Publication year - 2021
Publication title -
the prostate
Language(s) - English
Resource type - Journals
SCImago Journal Rank - 1.295
H-Index - 123
eISSN - 1097-0045
pISSN - 0270-4137
DOI - 10.1002/pros.24135
Subject(s) - oncology , medicine , hazard ratio , pten , univariate analysis , prostate cancer , proportional hazards model , confidence interval , multivariate analysis , cancer , biology , genetics , apoptosis , pi3k/akt/mtor pathway
Abstract Background Clinical outcomes may differ among patients presenting with primary (de novo) metastatic hormone‐sensitive prostate cancer (mHSPC) versus secondary (metachronous) mHSPC occurring after local therapy. It is unknown what molecular features distinguish these potentially distinct presentations.
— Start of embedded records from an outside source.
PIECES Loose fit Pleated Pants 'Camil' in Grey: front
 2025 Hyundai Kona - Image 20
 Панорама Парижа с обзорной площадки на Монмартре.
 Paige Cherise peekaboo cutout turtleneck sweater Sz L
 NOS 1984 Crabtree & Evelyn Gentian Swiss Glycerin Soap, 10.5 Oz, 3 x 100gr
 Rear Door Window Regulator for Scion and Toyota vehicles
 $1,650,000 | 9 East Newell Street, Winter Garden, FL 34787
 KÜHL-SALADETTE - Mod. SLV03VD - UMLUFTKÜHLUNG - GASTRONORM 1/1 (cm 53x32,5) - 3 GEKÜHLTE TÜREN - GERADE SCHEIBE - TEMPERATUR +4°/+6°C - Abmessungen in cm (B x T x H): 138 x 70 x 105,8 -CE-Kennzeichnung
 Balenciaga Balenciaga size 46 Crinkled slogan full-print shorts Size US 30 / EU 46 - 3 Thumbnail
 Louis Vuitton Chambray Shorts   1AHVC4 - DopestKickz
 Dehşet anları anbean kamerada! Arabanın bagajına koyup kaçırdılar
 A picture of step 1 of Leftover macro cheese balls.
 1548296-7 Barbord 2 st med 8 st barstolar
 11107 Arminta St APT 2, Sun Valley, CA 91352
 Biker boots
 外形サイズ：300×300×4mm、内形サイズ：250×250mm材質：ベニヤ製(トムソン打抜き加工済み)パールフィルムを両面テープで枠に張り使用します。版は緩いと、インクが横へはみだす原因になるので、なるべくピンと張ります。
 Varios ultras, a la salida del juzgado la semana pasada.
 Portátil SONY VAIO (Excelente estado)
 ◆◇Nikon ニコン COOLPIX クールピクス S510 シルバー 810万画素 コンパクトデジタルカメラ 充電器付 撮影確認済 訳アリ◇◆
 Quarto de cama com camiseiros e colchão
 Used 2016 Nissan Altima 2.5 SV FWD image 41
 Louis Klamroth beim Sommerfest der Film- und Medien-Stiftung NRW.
Methods A single‐center retrospective study of mHSPC patients classified as primary mHSPC ( n = 121) or secondary mHSPC ( n = 106). A targeted set of genes was analyzed: BRCA2 , PTEN , RB1 , TP53 , SPOP , CDK12 , any two out of PTEN/RB1/TP53 alterations, and homologous recombination deficiency mutations. TP53 mutations were categorized as loss‐of‐function (LOF) versus dominant‐negative (DN). The impacts of genetic features on progression‐free survival (PFS) and overall survival (OS) were assessed using univariate and multivariate Cox proportional hazards regression. Results Median PFS was 15 and 30 months for men with primary and secondary mHSPC, respectively (hazard ratio: 0.57, 95% confidence interval: 0.41–0.78; p < .01). OS did not show a significant difference between groups. There were more men with Gleason 8–10 disease in the primary versus secondary mHSPC groups (83% vs. 68%; p < .01). In univariate and multivariate analyses, TP5 3 DN mutations showed a statistically significant association with OS for the entire mHSPC population. Conversely, SPOP mutations were associated with improved OS. Additionally, TP53 mutations (DN and LOF) were associated with worse OS for secondary mHSPC. A combination of PTEN/RB1/TP53 mutations was associated with worse OS and PFS for secondary mHSPC, while no genomic alteration affected outcomes for primary mHSPC. Conclusions TP53 DN mutations, but not all TP53 alterations, were the strongest predictor of negative outcomes in men with mHSPC, while SPOP mutations were associated with improved outcomes. In subgroup analyses, specific alterations were prognostic of outcomes in secondary, but not primary, mHSPC.